Convert a GTFS(RT)-Dataset to postgres for delay analysis.

Notifications You must be signed in to change notification settings

PassiDel/convert-delay

Repository files navigation

Convert GTFS Delay

Convert a GTFS(RT)-Dataset to postgres for delay analysis.

File structure

The following file structure is required for this process to work properly.

|-- docker-compose.yml
|-- data
|   |-- gtfs
|   |   |-- <ISO8601>
|   |   |   |-- toplevel.zip
|   |   |-- 2022-01-09T22:47:01+00:00
|   |   |   |-- toplevel.zip
|   |   |-- ...
|   |-- gtfsrt-zip
|   |   |-- <day>.tar.bz2
|   |   |-- 2022-01-02.tar.bz2
|   |   |-- 2022-01-03.tar.bz2
|   |   |-- ...

Steps

You can select from the following steps, they should be run in this order though:

  1. Import multiple GTFS files
  2. Import multiple GTFSRT files
  3. Reduce GTFSRT based on trip

Usage

The easiest way to use this converter is by using the following docker-compose.yml file.

version: "3"
volumes:
  postgres:
    driver: local

services:
  convert:
    image: ghcr.io/passidel/convert-delay:${DELAY_VERSION}
    depends_on:
      - pgbouncer
    volumes:
      - ./data:/usr/local/bin/delay/data
    env_file:
      - .env
  postgres:
    image: postgres
    environment:
      POSTGRES_USER: ${DATABASE_USER:-postgres}
      POSTGRES_PASSWORD: ${DATABASE_PASSWORD:-changeme}
      POSTGRES_DB: ${DATABASE_DATABASE:-db}
      PGDATA: /data/postgres
    volumes:
      - ./data/postgres:/data/postgres
    ports:
      - "127.0.0.1:${DATABASE_PORT}:5432"
    restart: unless-stopped
  pgbouncer:
    image: bitnami/pgbouncer
    environment:
      POSTGRESQL_HOST: "postgres"
      POSTGRESQL_DATABASE: ${DATABASE_DATABASE:-db}
      PGBOUNCER_DATABASE: ${DATABASE_DATABASE:-db}
      POSTGRESQL_USERNAME: ${DATABASE_USER:-postgres}
      POSTGRESQL_PASSWORD: ${DATABASE_PASSWORD:-changeme}
      PGBOUNCER_PORT: ${BOUNCER_PORT}
      PGBOUNCER_POOL_MODE: "transaction"
    ports:
      - "127.0.0.1:${BOUNCER_PORT:-6432}:6432"
    links:
      - postgres:postgres

To control which steps should be executed, you can set environmental variables.

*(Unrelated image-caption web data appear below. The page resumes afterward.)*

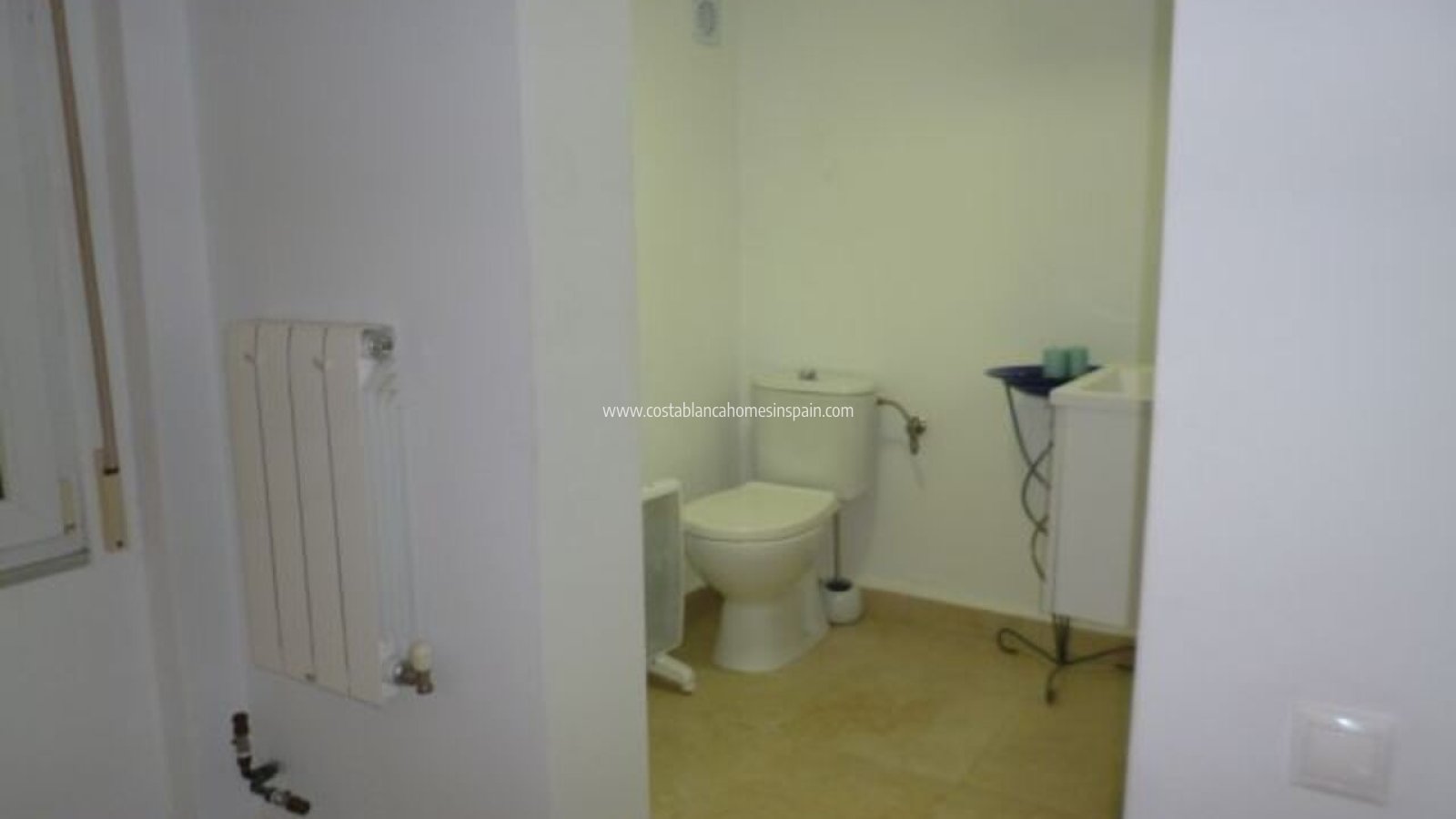 Revente - Detached Villa - Villamartin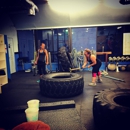 CrossFit BodyWerx - Health Clubs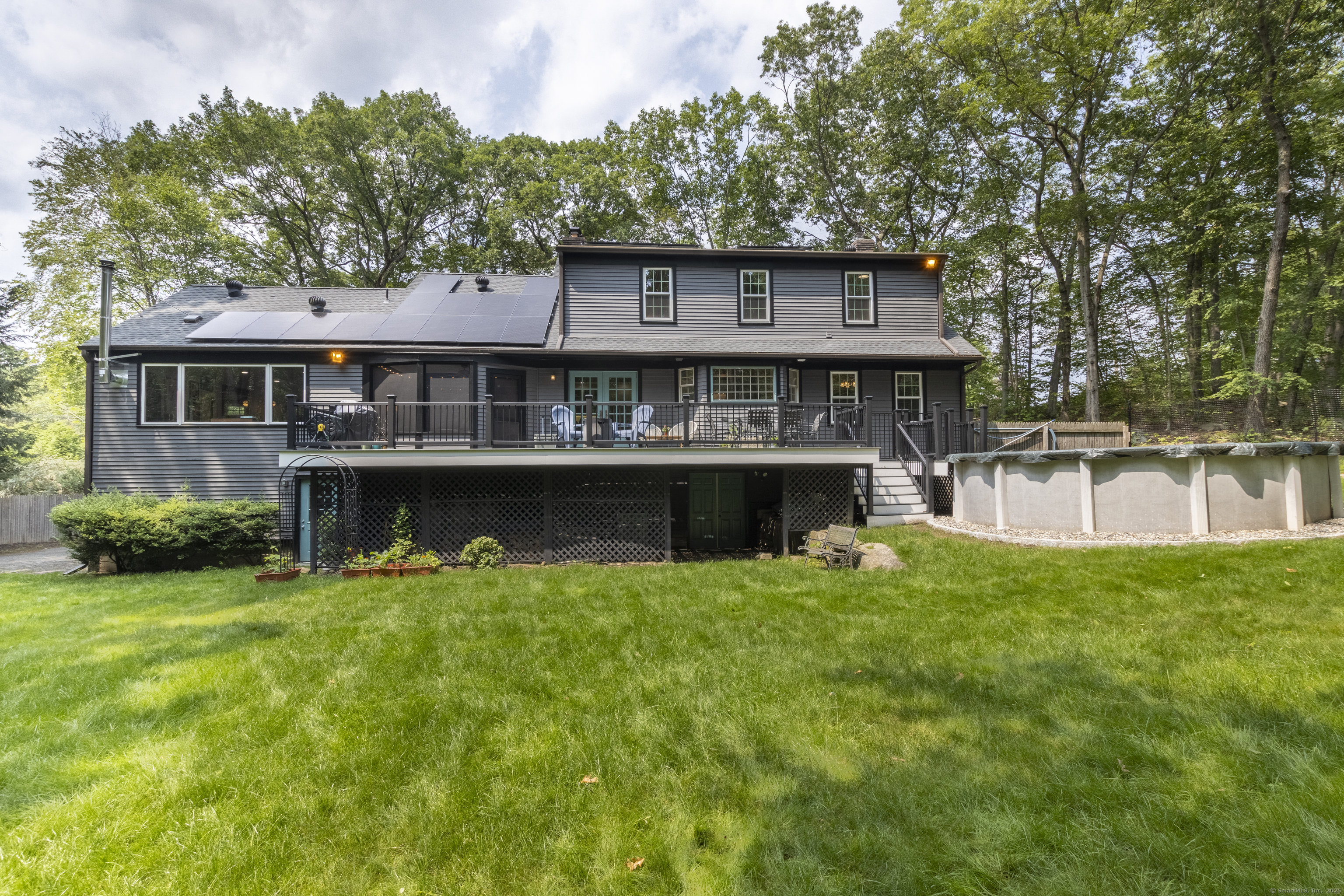 Property Photo: 17 Kathleen Drive CT 06614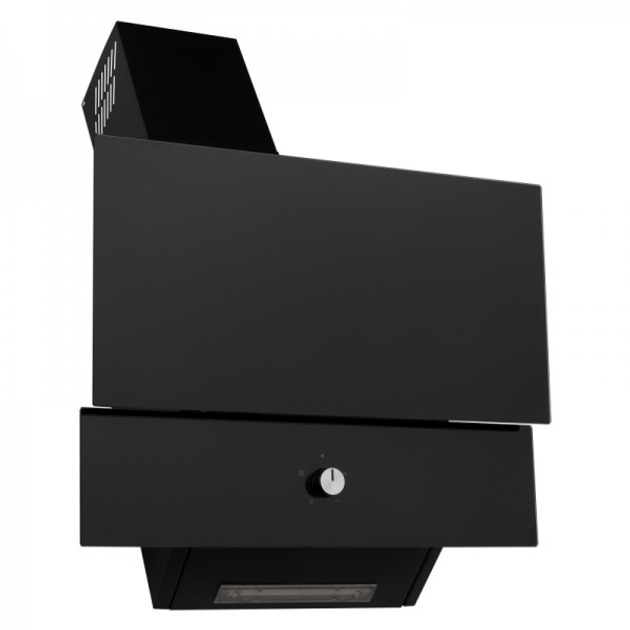 Витяжка Kumtel DA6-830BLACK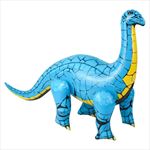 IR12862 Dinosaur Inflate Assortment 24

Be aware that running a step again may truncate the whole database!

DATABASE_PASSWORD="gtfs"
DATABASE_DATABASE="gtfs"
DATABASE_USER="gtfs"
DATABASE_PORT="5432"
BOUNCER_PORT="6432"
DATABASE_URL="postgresql://gtfs:gtfs@pgbouncer:6432/gtfs?pgbouncer=true&pool_timeout=0"
PROD_DATABASE_URL="postgresql://gtfs:gtfs@postgres:5432/gtfs"

DELAY_VERSION="latest"

AGENCY="Bremer Straßenbahn AG"
STEP1="true"
STEP2="false"
STEP3="false"
docker-compose pull
docker-compose up -d convert

Visualization

Since the webserver/visualization uses the same database as the converter, you can reuse their infrastructure by adding a new service to your docker-compose.yml.

services:
+  delay:
+    image: ghcr.io/passidel/bsag-delay:${DELAY_VERSION}
+    ports:
+      - "127.0.0.1:3000:3000"
+    depends_on:
+      - pgbouncer
+    volumes:
+      - ./.cache:/usr/local/bin/delay/.cache
+    env_file:
+      - .env